In many ways, the second round series against the Flyers was a similar story. However, there were two differences in this series as opposed to the Bruins one. Not only did the Flyers bring more offense than the Bruins, with R.J. Umberger enjoying the greatest week of his professional life, but Flyers goaltender Martin Biron clearly was the series’ most important player, playing at a level, many didn’t think was possible for him.

However, more than all of those reasons, one got the sense that the Habs for the most part were unwilling to get their hands dirty. With the exception of tonight’s game the Habs failed to pay the price.
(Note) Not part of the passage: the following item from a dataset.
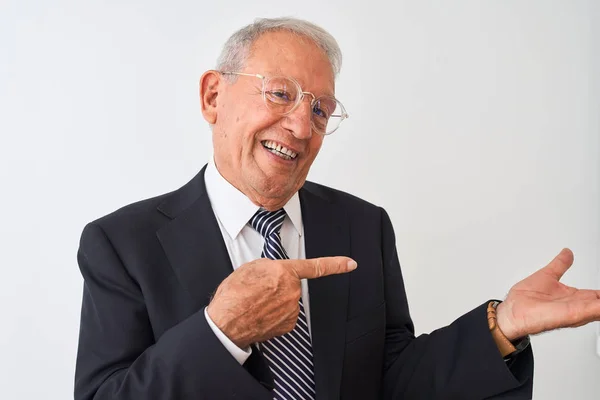 Senior Grauhaarige Geschäftsmann Trägt Anzug Und Brille Über Isoliertem Weißen — Stockfoto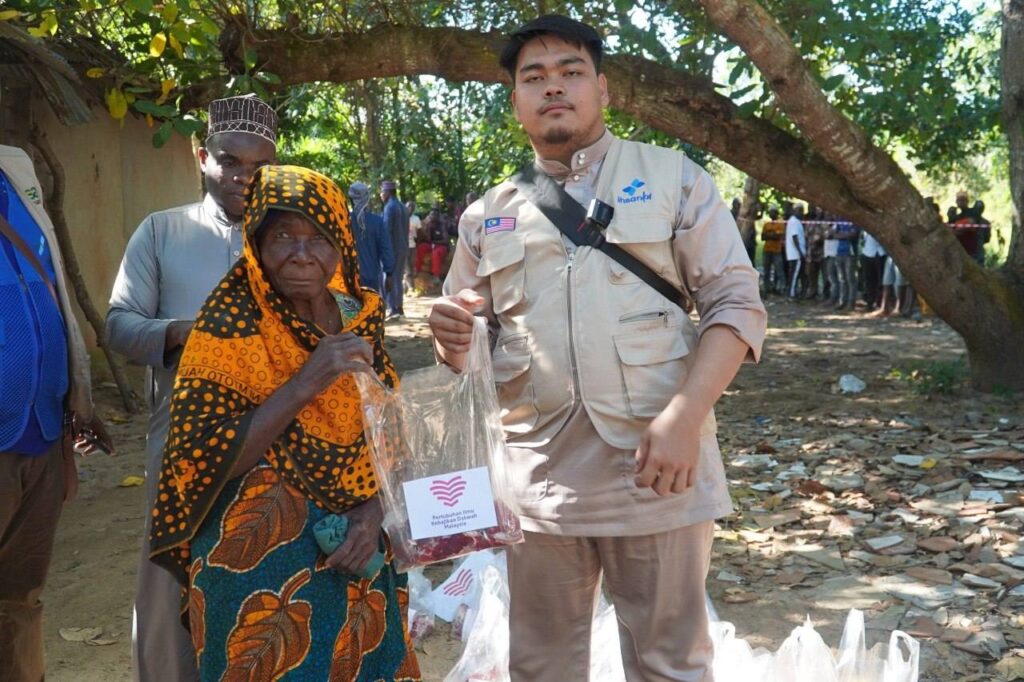 Laporan program korban sedekah daging kambing pikdm 1446h zimbabwe & tanzania (13)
This was reflected in the fact that the Habs despite being the better skating team, the team that had more shots, won more face offs, and had more scoring chances, ultimately lost to a team that consistently and continually beat them when it came down to one on one battles.

Maybe this can be attributed to the Habs lack of playoff experience. The realization by many on the team that the playoffs are a different beast than the regular season, a time where the checking gets a little tighter, the hits get a little harder, and the awareness that this endurance test also known as the Stanley Cup playoffs is not a journey for the timid or the weak.

And now the second guessing will begin as the media and the fans begin to deliver their postmortem on the Habs season. Over the next few days it will be mostly loud and probably negative. However, as many rush to point the blame for the Habs season there will be one word, one sentiment that will rarely be uttered,

That word is perspective.

It’s tough when the pain of a season’s end is fresh to put a whole year in perspective. Many can’t look past the last game. At this moment, it’s hard to take a look at the season in whole.

This was a season, in which the Canadiens, a team predicted by many to miss the playoffs, confounded the hockey world, by not only making the playoffs, but by finishing first in the Eastern Conference.

This was a season in which Alex Kovalev played at an MVP level, where Saku Koivu proved to the remaining naysayers that he indeed has the heart of a champion.

This was a season where many of the team’s young stars took their game to the next level. A season that saw Tomas Plekanec become a first line center, Andrei Kostitsyn a legitimate scoring threat, and Mike Komisarek a physical force. A season that showcased Mark Streit’s versatility, Tom Kostopoulous’ toughness, and Andrei Markov’s steadiness.

Without a doubt, the two most talked about figures over the next few days will be Carey Price and Guy Carbonneau.

Carbonneau will be criticized because he is the coach and for many the buck stops with him. Being the head coach in Montreal, means that you are continually second guessed by millions of people who know that they can do the job better than you. Undoubtedly, many will point the finger at Carbonneau for the team’s demise, without giving him any credit for the Habs success this year.

There will probably be more conclusions reached about Price, a twenty year old kid thrown into arguably, the most pressure packed position in hockey. People will argue that it was his play that decided this series, and jump to conclusions. And while Price admittedly wasn’t at his best against the Flyers, the one word that you won’t hear from those who are critical of Price is the word patience.

And therein lies the one thing that won’t be echoed by many of those who condemn the Canadiens over the next few days. Only after the negativity dies down, and people start to look back at this season within a larger context will there be a sense that this year represented a beginning. That the future course of the team has been set in the right direction, that there are better days ahead that this was a season to remember, a foundation for the future.

A season where the Canadiens potential began to blossom, where we got our first glimpse of the future, a future that regardless of tonight’s result looks brighter than ever.